Given records section start

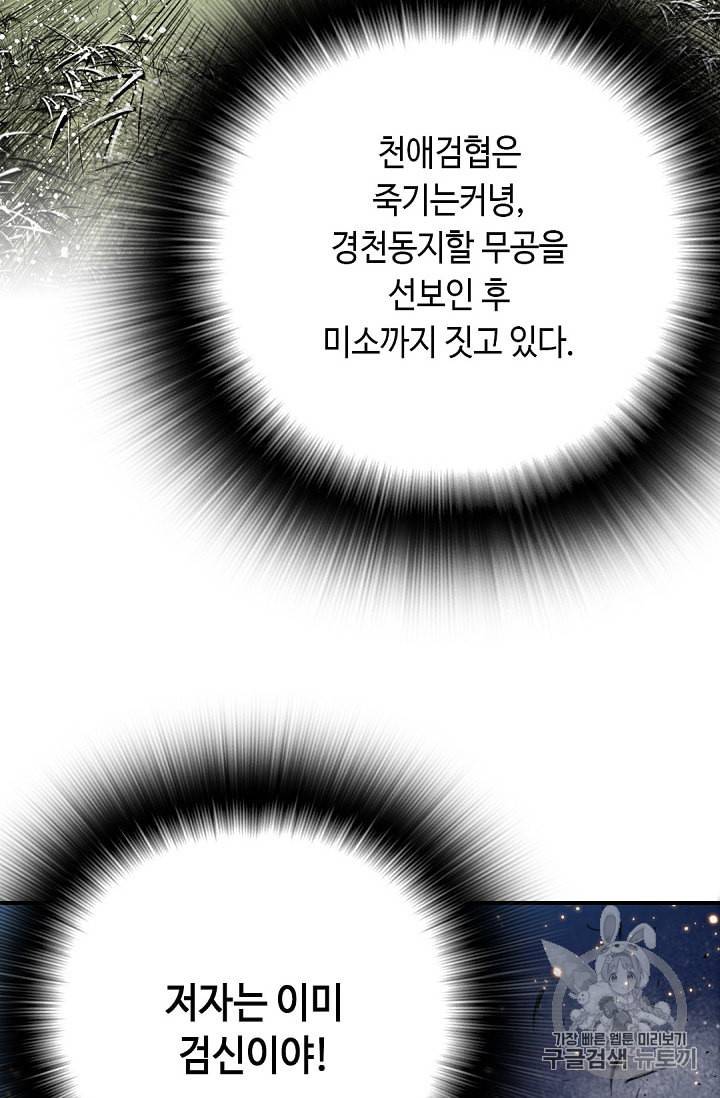 천애협로 93화 7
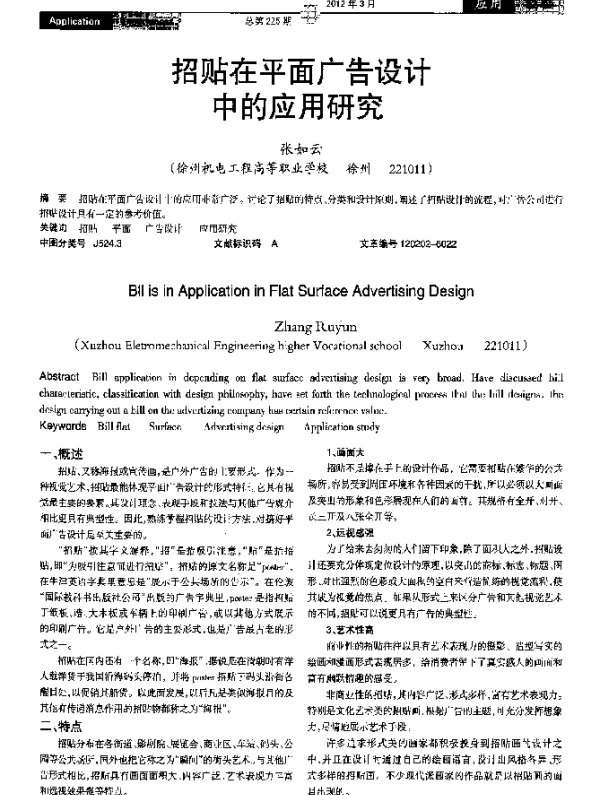 招贴在平面广告设计中应用研究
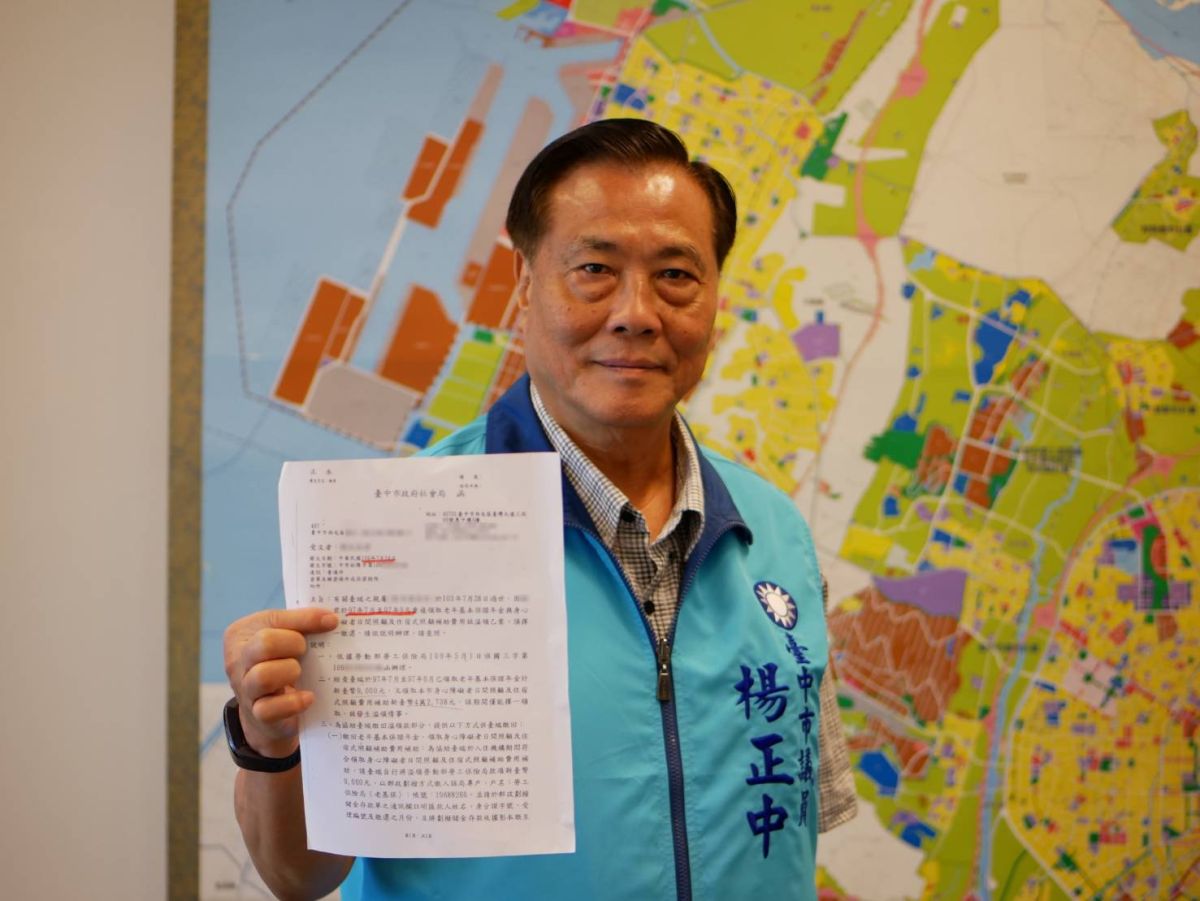 ▲議員楊正中接獲民眾陳情，已過世六年母親，市政府社會局發文追討生前領有老人年金等款項。(圖／楊正中服務處提供2020.8.25)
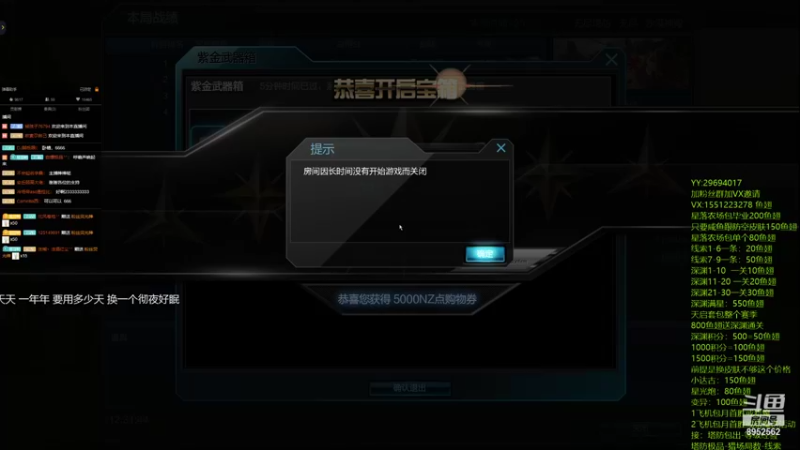 【2021-09-07 12点场】易哥带你玩游戏：线索-经验-塔防极品-深渊，逆战活动进
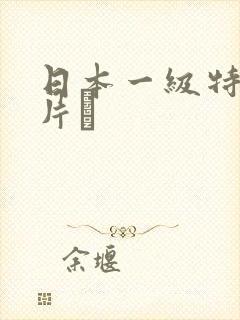 日本一级特黄大片α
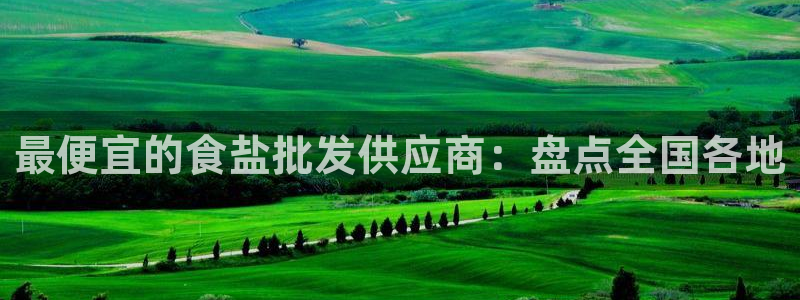 威九国际78mb玩法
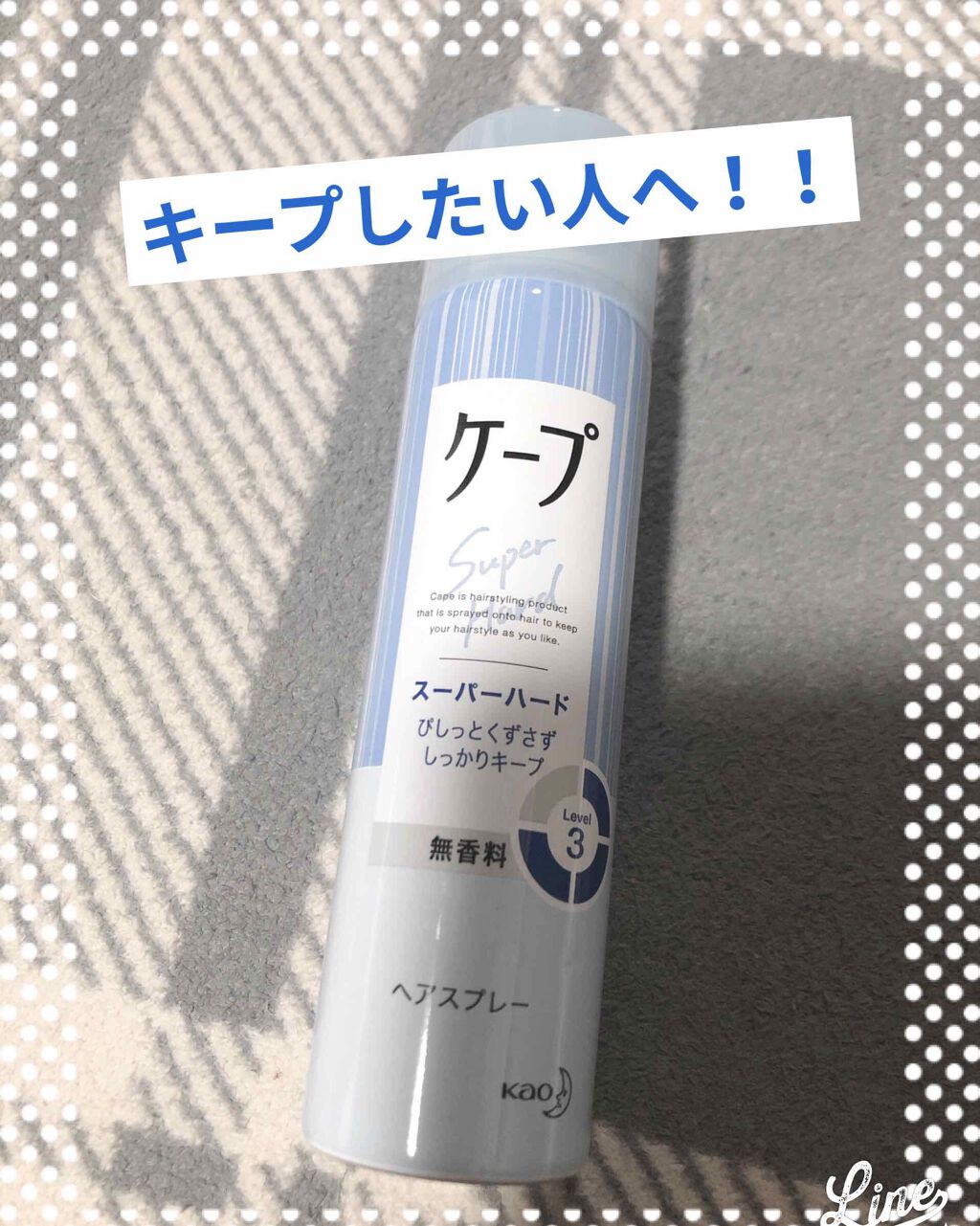 ケープ スーパーハード 無香料/ケープ/ヘアスプレーを使ったクチコミ（1枚目）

Given records section end

Give all the entries again exactly, dropping each picture.

_Task solution:_
 천애협로 93화 7
 招贴在平面广告设计中应用研究
 ▲議員楊正中接獲民眾陳情，已過世六年母親，市政府社會局發文追討生前領有老人年金等款項。(圖／楊正中服務處提供2020.8.25)
 【2021-09-07 12点场】易哥带你玩游戏：线索-经验-塔防极品-深渊，逆战活动进
 日本一级特黄大片α
 威九国际78mb玩法
 ケープ スーパーハード 無香料/ケープ/ヘアスプレーを使ったクチコミ（1枚目）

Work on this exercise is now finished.